Indicators of Soil Quality in a Waste Water Amended Semi-Arid Soil.

Forty-two surface soil samples (0-0.15 m) were collected from of a field that had been cleared of native vegetation, sowed with a pasture mix and irrigated with reverse osmosis (RO) reject waste water (electrical conductivity (EC) of  2.73 dS/m) for two consecutive years and analyzed for multiple soil quality indicators (SQI). This is a preliminary study with the objective to investigate the relationships among the measured SQI through multivariate statistics, in order to reduce the number of measurements needed for soil quality evaluation. Potential SQI that were assessed included mean weight diameter of the dry aggregates (MWD), dry aggregates > 2 mm (D > 2 mm), dry aggregates < 0.25 mm (D < 0.25 mm), wet aggregate stability, permanganate oxidizable carbon (POXC), soil organic carbon (SOC), (EC), pH, sand, silt and clay contents, and chemical parameters (NO₃-N, P, Ca, Mg, Na, Zn, Fe, Mn and Cu).

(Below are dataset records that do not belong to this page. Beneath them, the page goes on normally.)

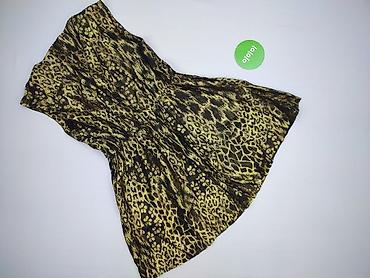 szeroki pas: Whistles, Sukienka damska, rozmiar L — 3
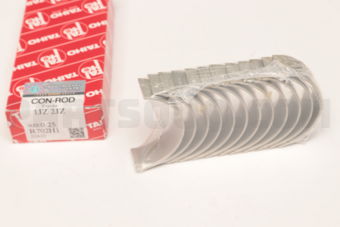 R702H1025 CON. BEARING 025 1JZ-GE/GTE
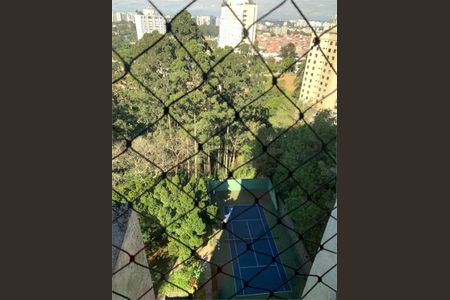 Apartamento à venda com 511m², 4 quartos e 3 vagas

Statistical significant correlations were found among several SQI. The data was further subjected to exploratory factor analysis (EFA) using varimax rotation for principal component extractions. Variables that were not correlated with other variables and those that had too high correlations (>0.8) were excluded from the EFA analysis. The sampling adequacy based on Kaiser-Meyer-Olkin Measure was 0.6 and the average communality was 0.71. Results showed that a total of 71% of the variance in the data was extracted into three components. These components showed distinct structure which can be defined by the SQI measurements. The first component related mostly to soil aggregation with MWD having the highest loading of 0.95, while the second component was related to soil fertility with K having the highest loading of 0.89. The third component was mixed, comprising of soil reaction, salinity and soil biological activity, with pH having the highest loading of -0.75. This preliminary study shows that directional changes in soil quality of a waste water irrigated field can be captured by smaller sets of measurements. Further studies are needed that will include more sites and a larger number of data points.